The Content Parsing endpoint of OnPage API provides an opportunity to get structured content data from any page on the web.
If you checked the documentation of this endpoint, you might have noticed the parsed content is divided into “primary” and “secondary.” Each page contains "primary_content"
and "secondary_content"
sections. At the same time, the content of each section is broken into "primary_content"
and "secondary_content"
arrays.
In this Help Center article, we will walk through the algorithm that helps DataForSEO determine whether a certain piece of content has “primary” or “secondary” meaning on the page. Additionally, we’ll explain how the content pieces are grouped under the main and secondary topics of the page.
How are primary and secondary content pieces determined?
First, every piece of content is assigned a score that considers several criteria.
- Length of the word. Does it contain more than one character?
- The composition of the word. Do letters constitute more than half of the content?
In a nutshell, the number of words that match the above criteria determines the score of the content. In addition to this, the score for anchors is calculated following the same logic.
To determine whether a piece of content is “primary” or “secondary”, the threshold is set to three. Hence, content with a score greater than 3 and anchors taking less than 30% of the total volume is deemed “primary”. Content that doesn’t match this definition is therefore considered “secondary.”
Here’s an example of the "primary_content"
:
{ "text": "Federal Bank creates an API banking system to better integrate with other organizations and ecosystems", "url": null }
As you can see, it doesn’t contain anchor text and consists of letters.

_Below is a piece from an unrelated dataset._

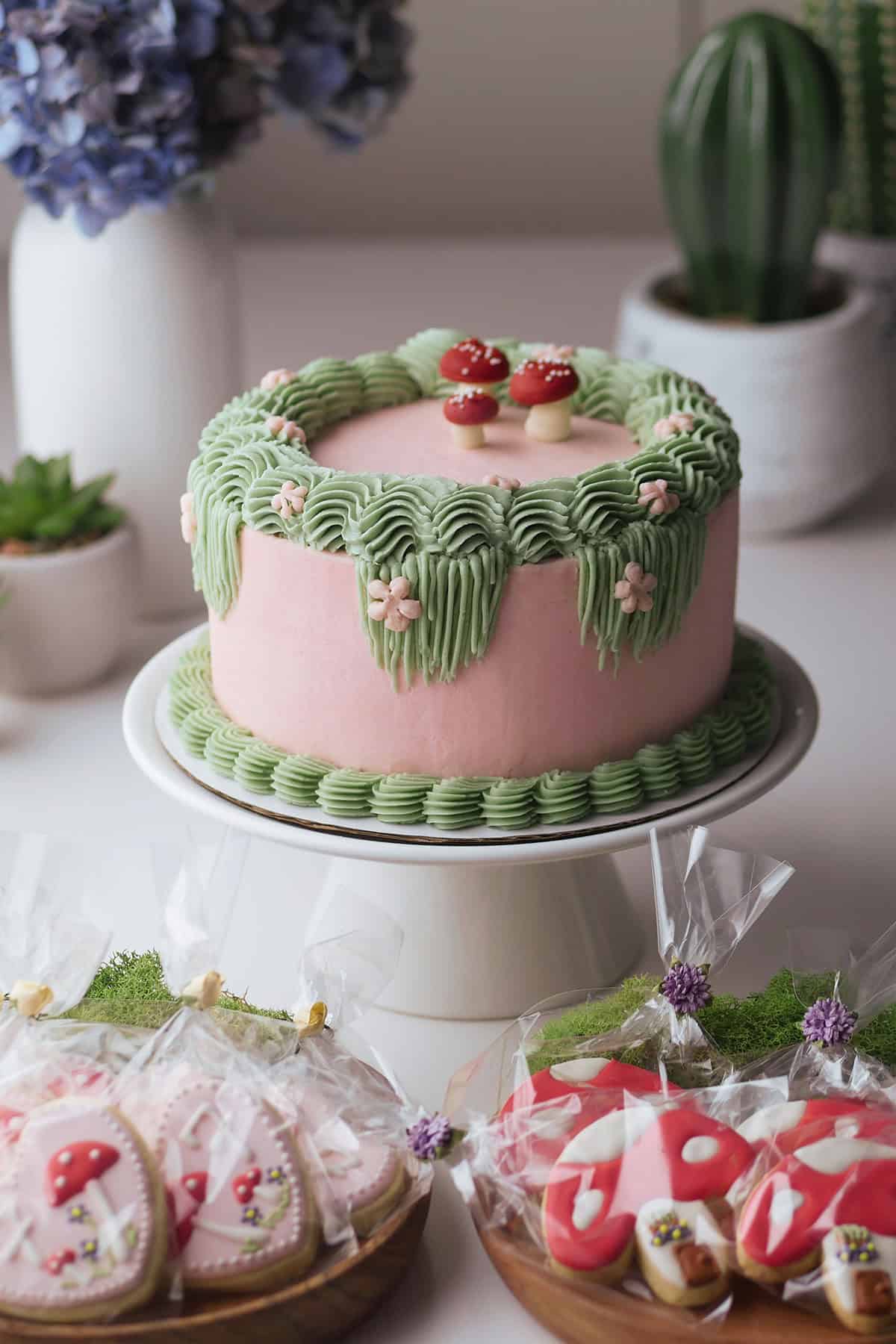 A full profile of a fairy themed cake on a cake stand. Below it are forest themed sugar cookies on a bed of moss. 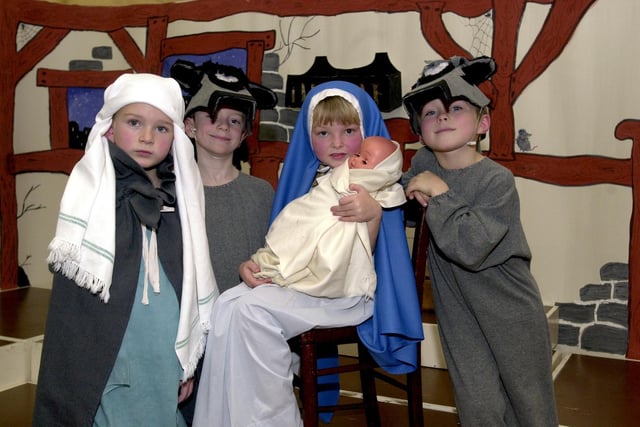 Waterloo Infant School in Pudsey staged a nativity play called 'Derek the Donkey' in December 2002. Pictured, from left, are Charlie Auty as Joseph, Jamie Walker as Derek the Donkey, Kiera Colman as Mary and Daniel Catherside as Daniel the Donkey.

Now, let’s take a look at “secondary” content.
{ "text": "Read the data sheet (883 KB)", "url": "https://www.ibm.com/downloads/cas/WJX036AD" }
In this case, all content is the anchor text for the download link, so it clearly falls into the "secondary_content"
category.
How are main and secondary topics determined?
The main_topic
and secondary_topic
arrays contain the structured content (primary, secondary, and table content) of the page’s body section. The difference is that the main_topic
array represents the section of the page’s body containing the main text content and consists predominantly of content pieces with high content scores. Similarly, the secondary_topic
array consists predominantly of content pieces with low content scores and represents the section of the page’s body containing secondary content.
To determine which parts of the page’s body content constitute the main and secondary topics, we use a heuristic evaluation that analyzes text segments:
1. The system divides the entire body content into distinct text segments;
2. Each segment receives a content score using the same criteria used to determine primary and secondary content (based on word length, composition, and anchor percentage);
3. Text segments are then grouped by their proximity and content scores;
4. Groups with predominantly high-scoring content become part of the main_topic
array;
5. Groups with predominantly low-scoring content become part of the secondary_topic
array.
This approach differs from the primary and secondary content distinction in that it focuses on identifying larger, coherent sections of the page rather than individual content pieces, providing a more structural view of the page’s content organization.